Quem está acompanhando as notícias e a repercussão das manifestações ocorridas na cidade de São Paulo esta semana provavelmente se deparou com um festival de análises e opiniões que populam o espaço entre 2 extremos: totalmente contra, de um lado e totalmente a favor, de outro. A maioria das análises que eu li na imprensa e a maioria das opiniões de pessoas que eu ouvi tendem a se concentrar próximo a um dos dois extremos, com algumas poucas levando em conta argumentos contrários e favoráveis. Sem entrar no mérito da questão, a forma como cada indivíduo ou órgão de imprensa analisa a questão depende de seus modelos mentais prévios (e automáticos), de seus valores, de sua visão de mundo.
Esse é um exemplo perfeito de como a realidade social é construída por versões que vão predominar sobre outras e de como, nesse processo, nós reproduzimos o “realismo ingênuo” (näive realism). Esse fenômeno, com ampla comprovação científica e consequências práticas, se manifesta na crença individual ou coletiva de que a realidade observada por nós é objetiva e na crença decorrente de que quem não partilha da mesma percepção só pode estar enviesado ou mal informado. Isso, somado a alguns outros vieses cognitivos, cria uma “tempestade perfeita” para impedir o diálogo entre partes que pensam e tem interesses diferentes e para impedir ou dificultar negociações. Conhecer a descrição desse fenômeno pode até levar a uma imediata concordância com a ideia, mas nossa tendência é continuar achando que isso só se aplica aos outros.

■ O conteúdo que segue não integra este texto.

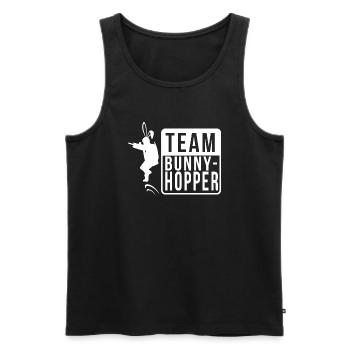 Hopper Gamer Streamer Warzone Gamepad Gamecker Game - Men's Premium Organic Tank Top - black - Front - AI Model Male 178 light (178cm)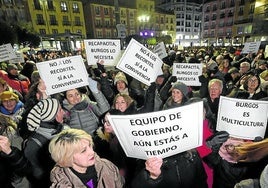 Manifestación el miércoles en Burgos.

A realidade é multifacetada (para ficar no mesmo exemplo, as manifestações não foram só “baderna” ou só “agressão policial” ou só contra o aumento de 20 centavos, conforme análises que eu ouvi). Nossa versão dessa realidade, construída automaticamente de acordo com nosso mindware, é apenas uma das versões possíveis, ainda que pareça objetiva. Em nível coletivo, algumas dessas versões, combinadas, é que vão prevalecer. Isso não quer dizer que vale tudo: é possível avaliar se a análise de determinado fenômeno social levou em conta suas diversas facetas e se alguns outros critérios de racionalidade foram atendidos (nesse sentido, gosto muito da metáfora do barco de Neurath – discutida em um dos livros do Keith Stanovich – assunto para outro post).